Suresh Prasad (www.aubsp.com) (15630 Points)

10 January 2011  

 

AS-3 (REVISED) CASH FLOW STATEMENTS

 

 

 

1. An enterprise should prepare a cash flow statement and should present it for each period for which financial statements are presented.

5. The following terms are used in this Statement with the meanings specified : Cash comprises cash on hand and demand deposits with banks. Cash equivalents are short-term, highly liquid investments that are readily convertible into known amounts of cash and which are subject to an insignificant risk of changes in value. Cash flows are inflows and outflows of cash and cash equivalents. Operating activities are the principal revenue-producing activities of the enterprise and other activities that are not investing or financing activities.

Investing activities are the acquisition and disposal of long-term assets and other investments not included in cash equivalents. Financing activities are activities that result in changes in the size and composition of the owners’ capital (including preference share capital in the case of a company) and borrowings of the enterprise.)

8. The cash flow statement should report cash flows during the period classified by operating, investing and financing activities.

18. An enterprise should report cash flows from operating activities using either : (a) the direct method, whereby major classes of gross cash receipts and gross cash payments are disclosed; or (b) the indirect method, whereby net profit or loss is adjusted for the effects of transactions of a non-cash nature, any deferrals or accruals of past or future operating cash receipts or payments, and items of income or expense associated with investing or financing cash flows.

21. An enterprise should report separately major classes of gross cash receipts and gross cash payments arising from investing and financing activities, except to the extent that cash flows described in Paragraphs 22 and 24 are reported on a net basis.

22. Cash flows arising from the following operating, investing or financing activities may be reported on a net basis : (a) cash receipts and payments on behalf of customers when the cash flows reflect the activities of the customer rather than those of the enterprise; and (b) cash receipts and payments for items in which the turnover is quick, the amounts are large, and the maturities are short.

24. Cash flows arising from each of the following activities of a financial enterprise may be reported on a net basis : (a) cash receipts and payments for the acceptance and repayment of deposits with a fixed maturity date; (b) the placement of deposits with and withdrawal of deposits from other financial enterprises; and (c) cash advances and loans made to customers and the repayment of those advances and loans.

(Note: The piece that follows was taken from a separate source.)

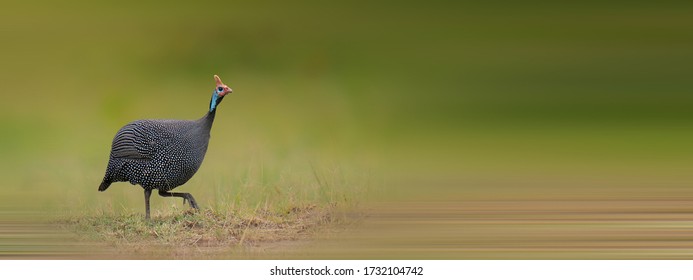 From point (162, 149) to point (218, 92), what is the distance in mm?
557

25. Cash flows arising from transactions in a foreign currency should be recorded in an enterprise’s reporting currency by applying to the foreign currency amount the exchange rate between the reporting currency and the foreign currency at the date of the cash flow. A rate that approximates the actual rate may be used if the result is substantially the same as would arise if the rates at the dates of the cash flows were used. The effect of changes in exchange rates on cash and cash equivalents held in a foreign currency should be reported as a separate part of the reconciliation of the changes in cash and cash equivalents during the period.

28. The cash flows associated with extraordinary items should be classified as arising from operating, investing or financing activities as appropriate and separately disclosed.

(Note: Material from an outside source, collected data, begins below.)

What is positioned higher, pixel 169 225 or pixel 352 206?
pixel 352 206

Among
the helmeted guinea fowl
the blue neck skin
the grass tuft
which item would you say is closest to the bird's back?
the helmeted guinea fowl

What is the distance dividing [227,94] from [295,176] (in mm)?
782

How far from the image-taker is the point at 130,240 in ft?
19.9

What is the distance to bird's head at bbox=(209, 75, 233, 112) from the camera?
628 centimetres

30. Cash flows from interest and dividends received and paid should each be disclosed separately. Cash flows arising from interest paid and interest and dividends received in the case of a financial enterprise should be classified as cash flows arising from operating activities. In the case of other enterprises, cash flows arising from interest paid should be classified as cash flows from financing activities while interest and dividends received should be classified as cash flows from investing activities. Dividends paid should be classified as cash flows from financing activities.

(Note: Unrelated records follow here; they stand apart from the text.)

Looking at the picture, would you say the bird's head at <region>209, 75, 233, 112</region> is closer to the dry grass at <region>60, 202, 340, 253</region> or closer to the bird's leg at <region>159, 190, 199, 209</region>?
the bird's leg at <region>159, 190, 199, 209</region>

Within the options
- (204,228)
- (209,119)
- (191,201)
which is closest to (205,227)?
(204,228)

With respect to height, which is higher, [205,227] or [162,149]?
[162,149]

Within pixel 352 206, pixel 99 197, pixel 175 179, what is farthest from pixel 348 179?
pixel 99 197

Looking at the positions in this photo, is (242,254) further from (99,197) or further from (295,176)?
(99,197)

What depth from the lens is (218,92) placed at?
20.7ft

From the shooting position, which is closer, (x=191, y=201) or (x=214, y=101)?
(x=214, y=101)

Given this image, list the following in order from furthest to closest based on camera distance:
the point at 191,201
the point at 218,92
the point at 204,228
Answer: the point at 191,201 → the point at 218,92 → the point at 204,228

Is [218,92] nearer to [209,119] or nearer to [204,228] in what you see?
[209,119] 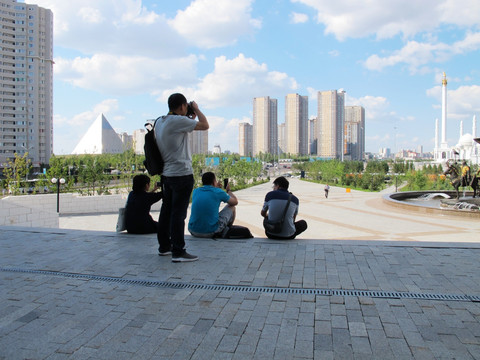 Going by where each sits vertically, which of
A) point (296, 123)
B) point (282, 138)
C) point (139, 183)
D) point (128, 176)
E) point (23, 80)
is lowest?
point (128, 176)

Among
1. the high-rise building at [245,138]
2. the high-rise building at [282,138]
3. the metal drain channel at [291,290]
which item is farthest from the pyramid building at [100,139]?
the metal drain channel at [291,290]

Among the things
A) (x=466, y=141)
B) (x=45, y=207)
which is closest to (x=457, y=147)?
(x=466, y=141)

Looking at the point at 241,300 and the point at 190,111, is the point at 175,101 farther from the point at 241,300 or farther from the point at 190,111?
the point at 241,300

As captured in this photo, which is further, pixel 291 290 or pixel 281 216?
pixel 281 216

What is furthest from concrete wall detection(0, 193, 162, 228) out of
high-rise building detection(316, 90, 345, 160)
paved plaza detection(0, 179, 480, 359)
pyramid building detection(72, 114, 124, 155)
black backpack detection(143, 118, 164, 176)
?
high-rise building detection(316, 90, 345, 160)

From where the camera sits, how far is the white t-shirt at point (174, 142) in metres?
3.73

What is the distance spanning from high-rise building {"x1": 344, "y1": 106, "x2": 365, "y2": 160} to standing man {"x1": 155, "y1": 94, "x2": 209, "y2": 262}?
11641 centimetres

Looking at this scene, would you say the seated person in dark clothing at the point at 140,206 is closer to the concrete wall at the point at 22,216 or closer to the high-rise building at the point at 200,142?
the concrete wall at the point at 22,216

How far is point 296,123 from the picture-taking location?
348 feet

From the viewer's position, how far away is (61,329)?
2383 mm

34. Cash flows arising from taxes on income should be separately disclosed and should be classified as cash flows from operating activities unless they can be specifically identified with financing and investing activities.

36. When accounting for an investment in an associate or a subsidiary or a joint venture, an investor restricts its reporting in the cash flow statement to the cash flows between itself and the investee/joint venture, for example, cash flows relating to dividends and advances.

37. The aggregate cash flows arising from acquisitions and from disposals of subsidiaries or other business units should be presented separately and classified as investing activities.

38. An enterprise should disclose, in aggregate, in respect of both acquisition and disposal of subsidiaries or other business units during the period each of the following : (a) the total purchase or disposal consideration; and (b) the portion of the purchase or disposal consideration discharged by means of cash and cash equivalents.

40. Investing and financing transactions that do not require the use of cash or cash equivalents should be excluded from a cash flow statement. Such transactions should be disclosed elsewhere in the financial statements in a way that provides all the relevant information about these investing and financing activities.

42. An enterprise should disclose the components of cash and cash equivalents and should present a reconciliation of the amounts in its cash flow statement with the equivalent items reported in the balance sheet.

45. An enterprise should disclose, together with a commentary management, the amount of significant cash and cash equivalent balances held by the enterprise that are not available for use by it.